The salt is combined with the secret key to derive a unique key for distinguishing different contexts. Unlike the secret key, the salt doesn’t have to be random, and can be saved in code. It only has to be unique between contexts, not private.

For example, you want to email activation links to activate user accounts, and upgrade links to upgrade users to a paid accounts. If all you sign is the user id, and you don’t use different salts, a user could reuse the token from the activation link to upgrade the account. If you use different salts, the signatures will be different and will not be valid in the other context.

from itsdangerous.url_safe import URLSafeSerializer

s1 = URLSafeSerializer("secret-key", salt="activate")
s1.dumps(42)
'NDI.MHQqszw6Wc81wOBQszCrEE_RlzY'

s2 = URLSafeSerializer("secret-key", salt="upgrade")
s2.dumps(42)
'NDI.c0MpsD6gzpilOAeUPra3NShPXsE'

The second serializer can’t load data dumped with the first because the salts differ.

s2.loads(s1.dumps(42))
Traceback (most recent call last):
  ...
BadSignature: Signature does not match

Only the serializer with the same salt can load the data.

s2.loads(s2.dumps(42))
42

Key Rotation¶

Key rotation can provide an extra layer of mitigation against an attacker discovering a secret key. A rotation system will keep a list of valid keys, generating a new key and removing the oldest key periodically. If it takes four weeks for an attacker to crack a key, but the key is rotated out after three weeks, they will not be able to use any keys they crack. However, if a user doesn’t refresh their token within three weeks it will be invalid too.

The system that generates and maintains this list is outside the scope of ItsDangerous, but ItsDangerous does support validating against a list of keys.

Instead of passing a single key, you can pass a list of keys, oldest to newest. When signing the last (newest) key will be used, and when validating each key will be tried from newest to oldest before raising a validation error.

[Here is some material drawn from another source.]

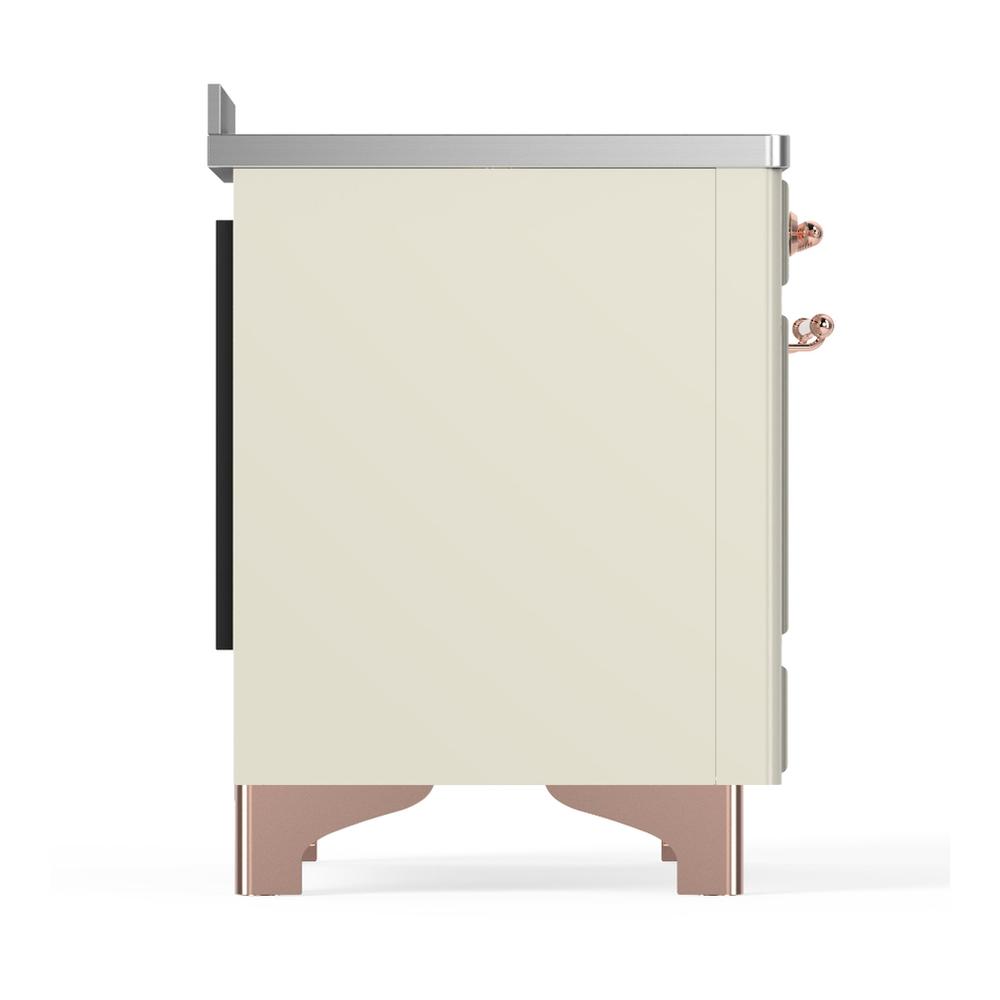 ILVE UMIB48NR3AWP Majestic III 48 inch Induction Range with 6 Elements, 5.02 cu. ft. Total Oven Capacity (Triple Glass Door, Antique White, Copper)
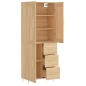 vidaXL Aparador alto madera contrachapada color roble 69,5x34x180 cm vidaXL Aparador alto madera contrachapada color roble 69,5x34x180 cm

SECRET_KEYS = ["2b9cd98e", "169d7886", "b6af09f5"]

# sign some data with the latest key
s = Serializer(SECRET_KEYS)
t = s.dumps({"id": 42})

# rotate a new key in and the oldest key out
SECRET_KEYS.append("cf9b3588")
del SECRET_KEYS[0]

s = Serializer(SECRET_KEYS)
s.loads(t)  # valid even though it was signed with a previous key

Digest Method Security¶

A signer is configured with a digest_method, a hash function that is used as an intermediate step when generating the HMAC signature. The default method is hashlib.sha1(). Occasionally, users are concerned about this default because they have heard about hash collisions with SHA-1.

When used as the intermediate, iterated step in HMAC, SHA-1 is not insecure. In fact, even MD5 is still secure in HMAC. The security of the hash alone doesn’t apply when used in HMAC.

If a project considers SHA-1 a risk anyway, they can configure the signer with a different digest method such as hashlib.sha512(). A fallback signer for SHA-1 can be configured so that old tokens will be upgraded. SHA-512 produces a longer hash, so tokens will take up more space, which is relevant in cookies and URLs.